Task requirements
Write out exactly the lines below starting at the one containing "Table d'appoint mobile" and ending at the one containing "ET TU Fruit Print Crew Sock 3-Pack". Omit every picture.

Data under study
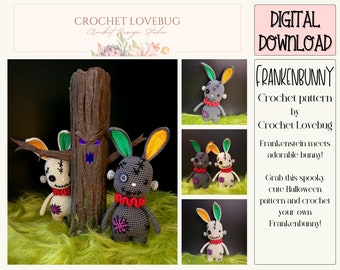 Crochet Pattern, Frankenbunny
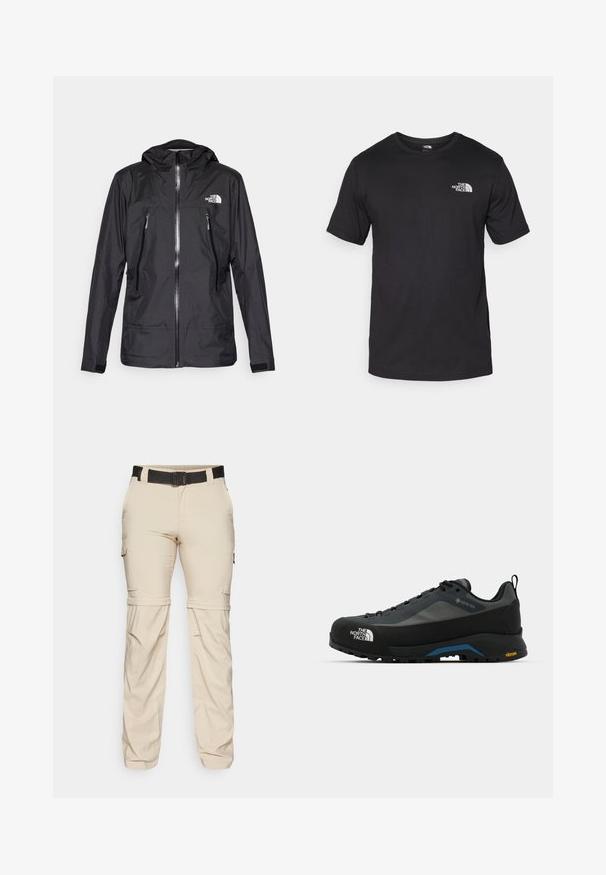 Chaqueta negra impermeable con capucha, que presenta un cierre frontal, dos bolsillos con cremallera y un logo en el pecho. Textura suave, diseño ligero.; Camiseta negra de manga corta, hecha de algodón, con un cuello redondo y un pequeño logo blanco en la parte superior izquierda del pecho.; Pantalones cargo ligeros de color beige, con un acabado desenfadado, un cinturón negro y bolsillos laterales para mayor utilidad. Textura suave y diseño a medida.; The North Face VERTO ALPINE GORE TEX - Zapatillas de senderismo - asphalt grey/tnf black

* * *

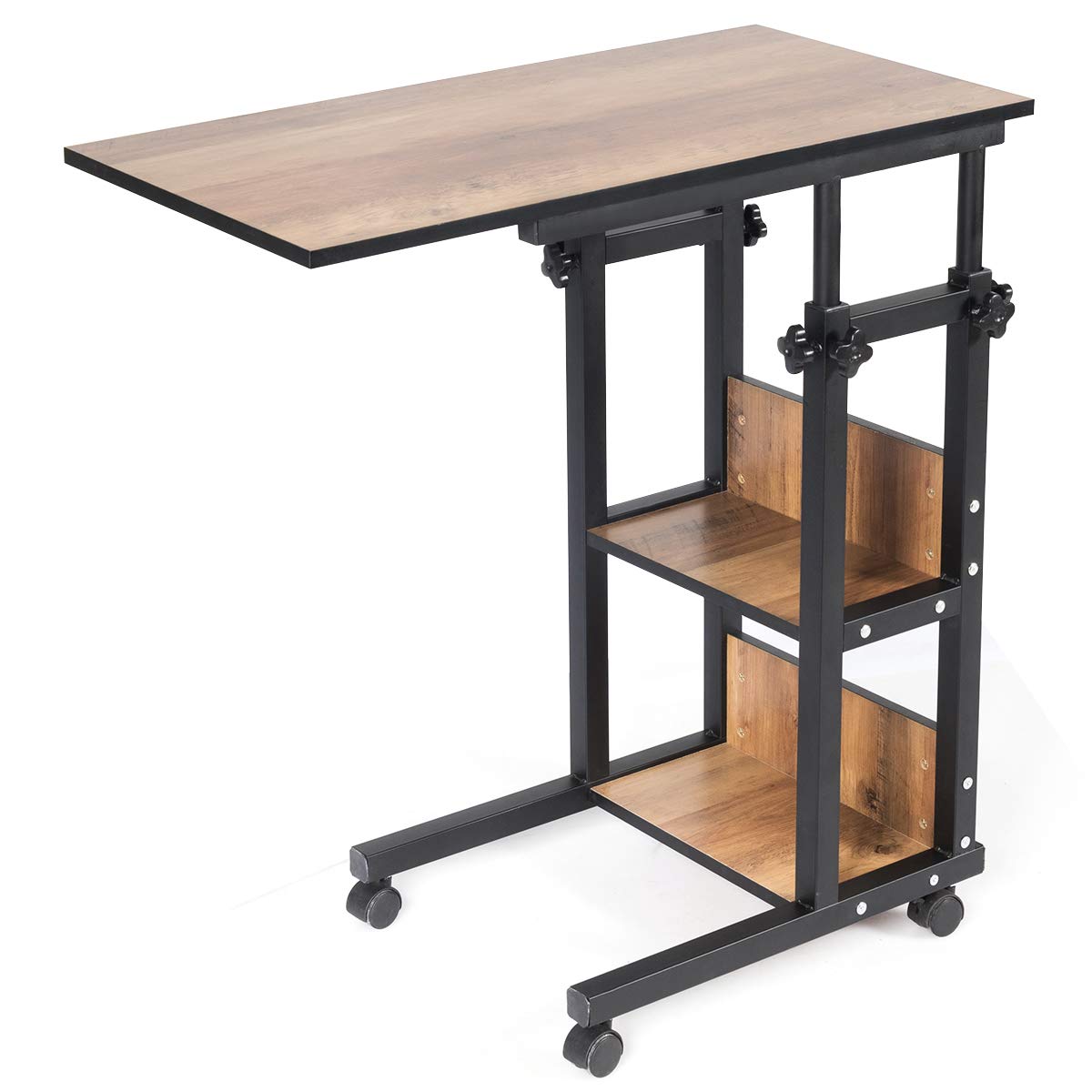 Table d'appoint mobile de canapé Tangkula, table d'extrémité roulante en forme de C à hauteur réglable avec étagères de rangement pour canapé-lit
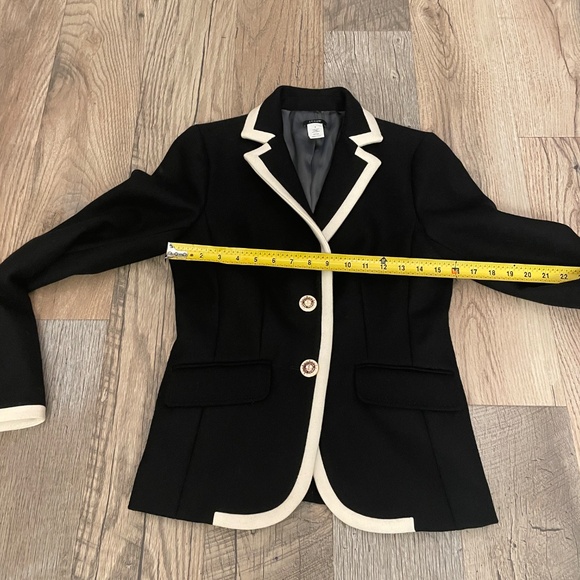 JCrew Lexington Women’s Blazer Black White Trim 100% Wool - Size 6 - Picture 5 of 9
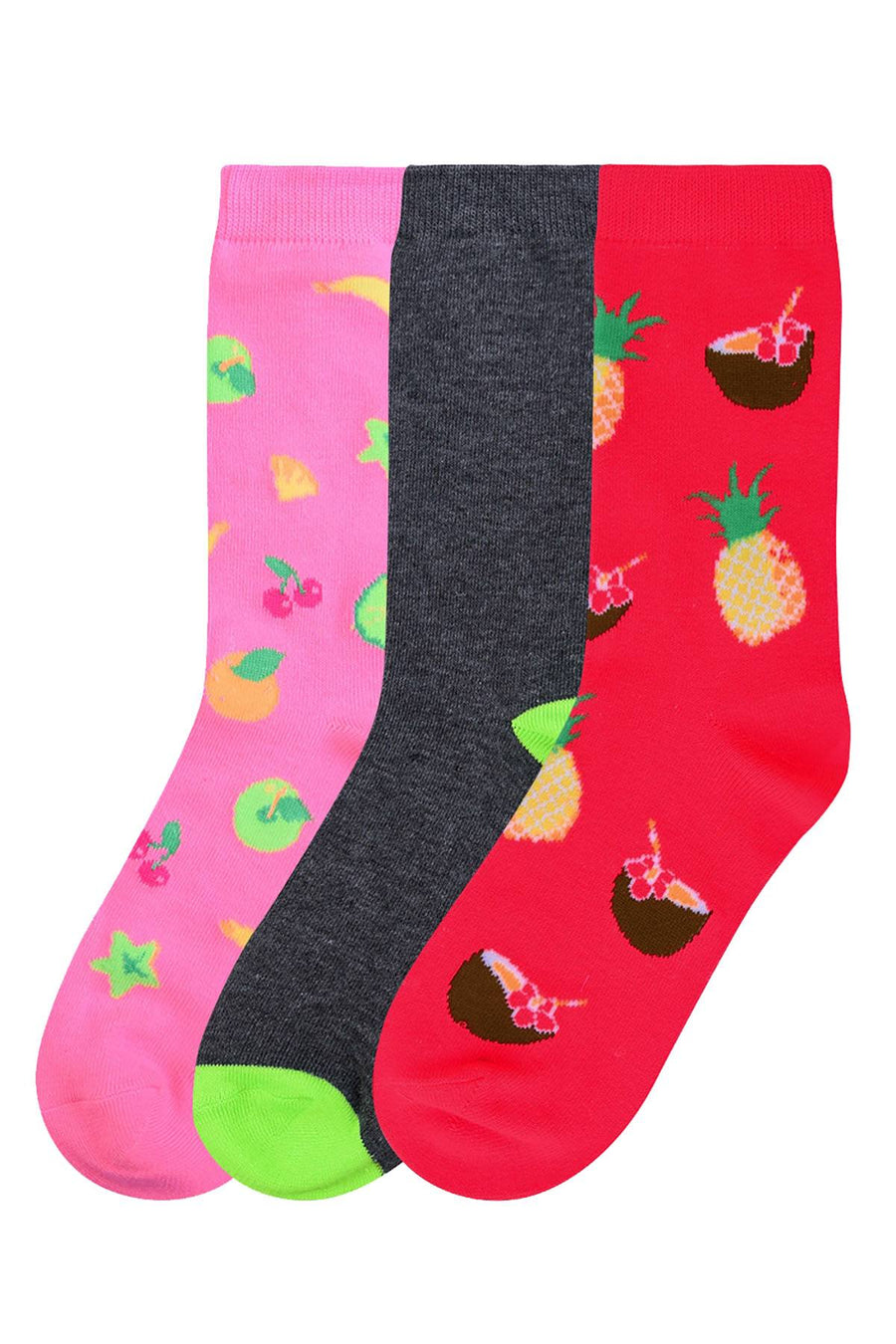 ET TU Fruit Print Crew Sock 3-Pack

Output
 Table d'appoint mobile de canapé Tangkula, table d'extrémité roulante en forme de C à hauteur réglable avec étagères de rangement pour canapé-lit
 JCrew Lexington Women’s Blazer Black White Trim 100% Wool - Size 6 - Picture 5 of 9
 ET TU Fruit Print Crew Sock 3-Pack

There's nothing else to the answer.